Monday, 1 May 2023

The First and Cruellest Colonisation

 

The Inheritors


William Golding

(Faber & Faber)

 

Lok and his tribe think of themselves as 'the people', inheritors of an unchanging world. Then, as they follow their migratory pattern, they encounter a new race. The first in a long and brutal history of colonisations has begun.

 

William Golding is rightly lauded for writing The Lord of the Flies. It's a novel that, thanks to being taught to generations of school kids, has wormed its way into popular culture. Even if most of the people citing it have never read the book itself all the way through.
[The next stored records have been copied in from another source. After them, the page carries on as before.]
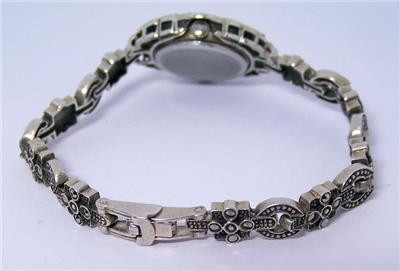 Boma Sterling Silver Ladies Silver Watch With Marquisette Stones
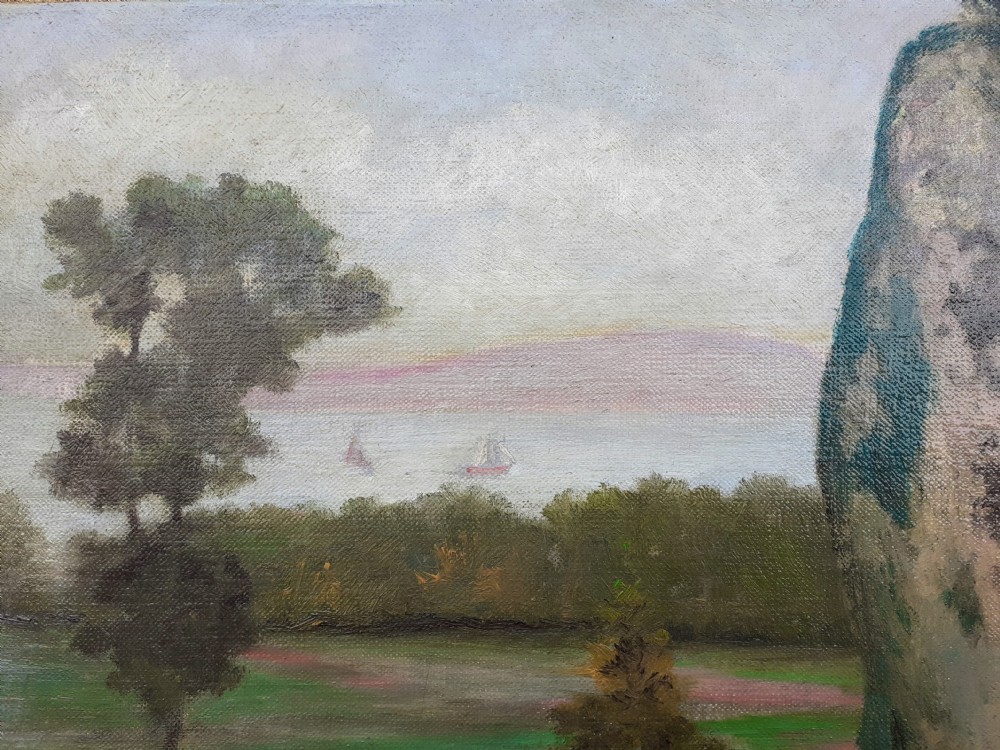 Boats on the waters beyond, morning blue: antique French oil on canvas, ca 1930 View VI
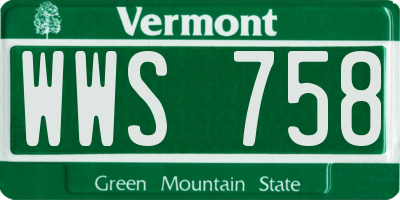 VT license plate WWS758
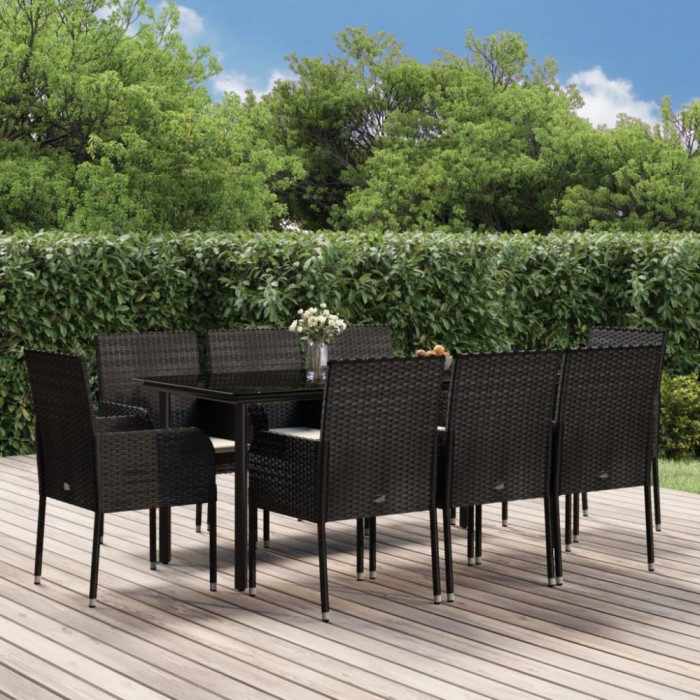 vidaXL Set mobilier de grădină cu perne, 9 piese, negru, poliratan 3185158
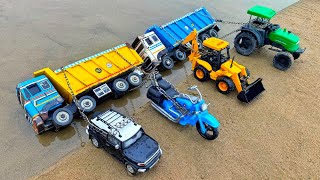 Bharatbenz Truck Tata Tipper Riverside Accident Pulling Out Car Bike Jcb3Dx Tractor Jcb Cartoon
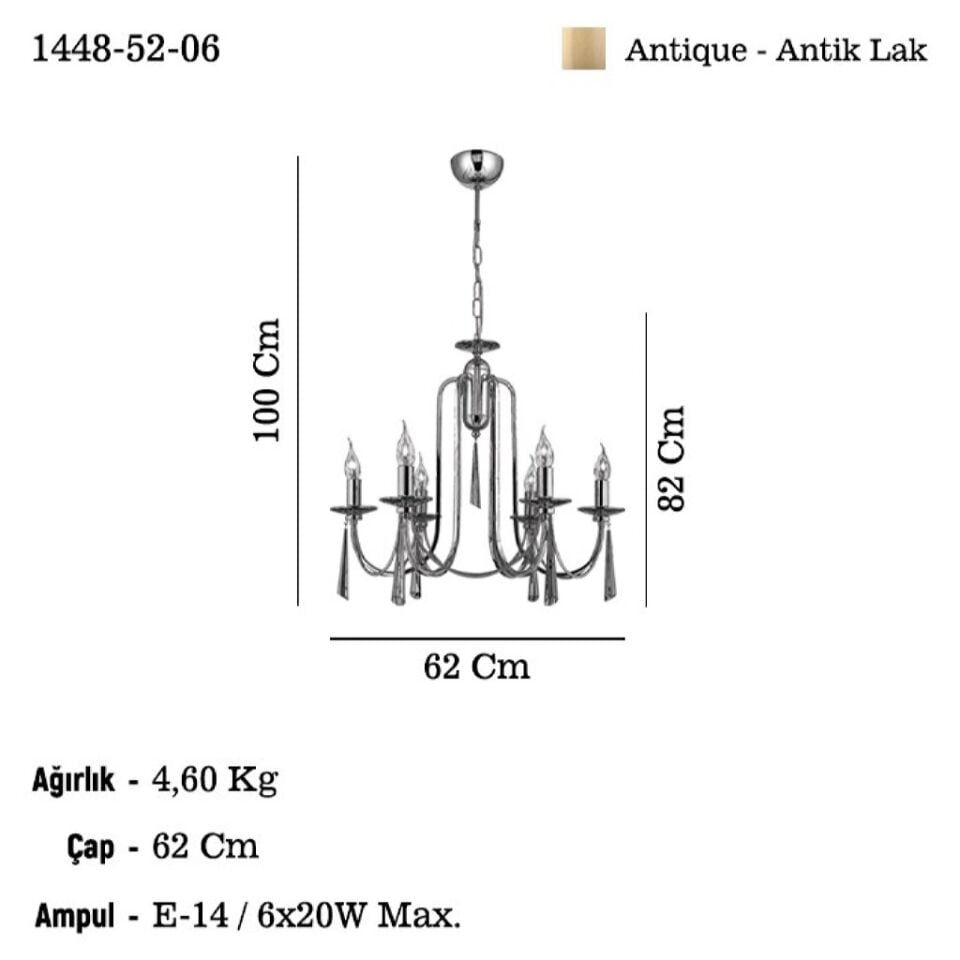 KONTES 6’lı Antik Lak Avize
Success at that level can overshadow the rest of a writer's work. That is what seems to have happened to Golding, in the case of this novel, first published in 1955, and it is rather a shame.

 

In The Inheritors, Golding uses Lok and his clan to show creatures who relate to the world in a way that is totally different to ours. He does so in a way that is both strange and sympathetic. These aren't stereotypical "savages" dragging their knuckles down the road to perdition.

 

He also touches on issues of colonisation that are still pertinent today. The doomed Neanderthals being swept away by Homo Sapiens are the ancestors of all the indigenous peoples usurped by the West.

 

This is a brilliantly conceived novel telling one of the oldest and cruellest human stories. One, we are still, sadly, repeating to this day.